The Obama administration didn’t allow the first mortgage crisis to go to waste. They took control of General Motors and got the Democratic Congress to give them 800 billion dollars to spend however the executive branch wished. It cost workers hundreds of thousands of jobs. It put the party most responsible for the crisis in charge of ending it.
The Community Reinvestment Act, ACORN and the Department of Housing and Urban Development, in consort with Fannie May and Freddie Mac, gave us the housing boom which led naturally to the subsequent bust. They did it by mandating that banks make an an absurdly high level of sub-prime loans. By the time Andrew Cuomo was Secy of H.U.D. under President Clinton, forty percent of mortgage loans were to people with poor credit. It was a house of cards that had to fall unless the rate of sub-prime lending were reduced. Incredibly, Secy. Cuomo insisted that sub-prime lending be increased and put the pressure on the banks to do so.

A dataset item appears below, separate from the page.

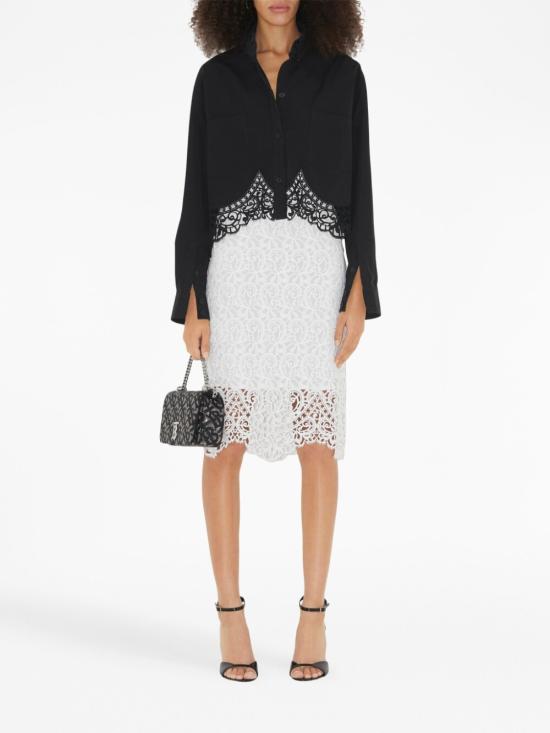  버버리 미디 스커트 8067787 A1462 White - BURBERRY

The same forces are at work to do exactly the same thing all over again.
Bloomberg Businessweek reports:
Community activists in St. Louis became concerned a couple of years ago that local banks weren’t offering credit to the city’s poor and African American residents. So they formed a group called the St. Louis Equal Housing and Community Reinvestment Alliance and began writing complaint letters to federal regulators.
That was an example of community organizers at work.
At the Justice Dept., a new 20-person unit dedicated to fair lending issues received a record number of discrimination referrals from regulators in 2010 and has dozens of open cases, according to a recent agency report. Potential penalties can reach into the millions of dollars. “We are using every tool in our arsenal to combat lending discrimination,” Thomas E. Perez, the assistant attorney general for the Civil Rights Div., told a conference of community development advocates in Washington in April.
Make bad loans or pay fines. That’s the government at work.
Why would a politician want to repeat the very steps that led to the housing collapse and put so many people out on the street? There are only four possible reasons: stupidity, ignorance, seeking power or seeking opportunities for corruption.